La magnitud de los bombardeos solo puede contemplarse como una acción unilateral de guerra contra un Estado que, por mucho que sea un enemigo histórico desde el advenimiento del régimen de los ayatolás en 1979, en realidad no representa ninguna amenaza real para los estadounidenses. Los propios servicios de inteligencia del país norteamericano habían concluido que Teherán todavía está muy lejos de completar su programa nuclear y que sus autoridades ni siquiera habían decidido construir una bomba.

A estos hechos se une que, hasta el mismo día de la ofensiva, las vías diplomáticas para tratar de disuadir a Jameneí de incorporarse al club atómico permanecían abiertas. Así las cosas, parece evidente que Trump ha tenido otras motivaciones para dar un paso sin vuelta atrás de semejante trascendencia y con repercusiones que pueden ser de extrema gravedad.

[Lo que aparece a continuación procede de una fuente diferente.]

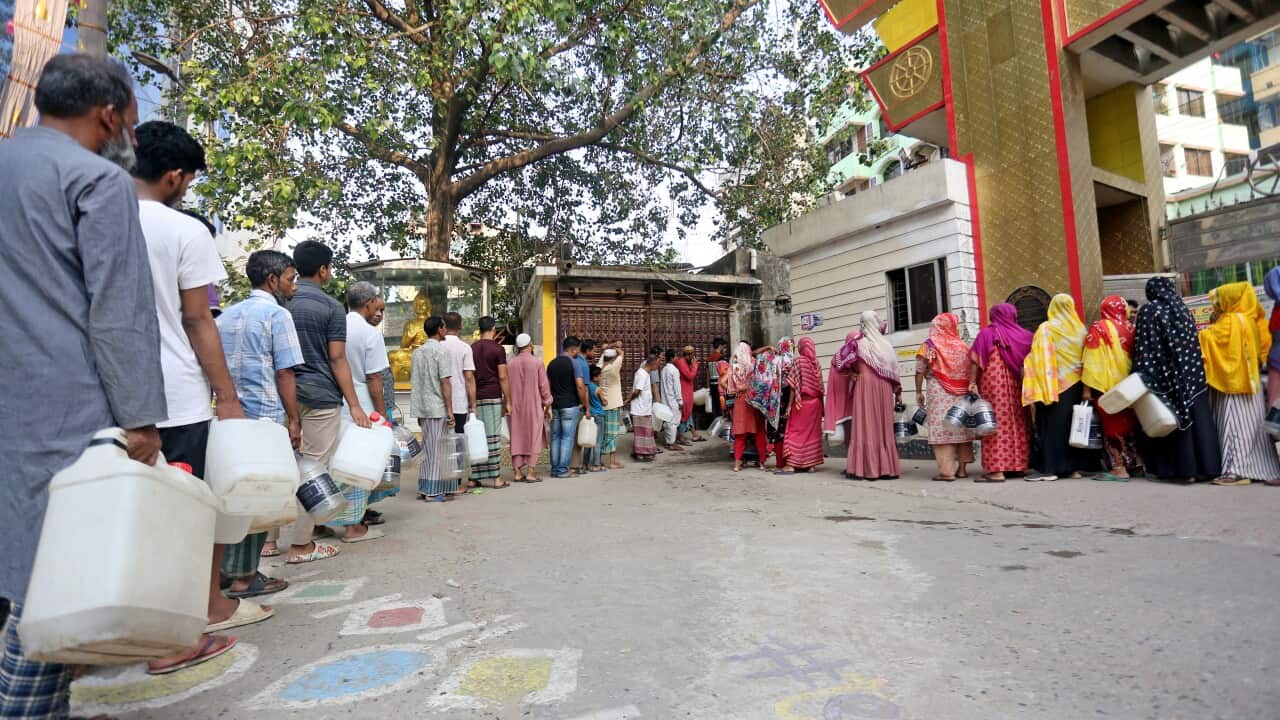 Drinking Water Crisis - Dhaka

En lo más inmediato, el líder republicano brinda su apoyo a su aliado más estrecho en la zona, el presidente de Israel, Benjamín Netanyahu, en la guerra abierta que inició contra Irán hace dos semanas. Pero ese no parece ser el objetivo prioritario. Lo que ha movido a Trump a abandonar su pretendido papel de pacificador mundial (en varias ocasiones se ha postulado para el Nobel de la Paz) y adentrarse por la senda belicista es lo mismo que guía su acción política: su narcisismo y su carácter cada vez más autoritario. Desgraciadamente, la comunidad internacional, empezando por la abúlica Unión Europea, que solo se ha pronunciado vagamente, no parece tener herramientas para hacer frente al gran autócrata.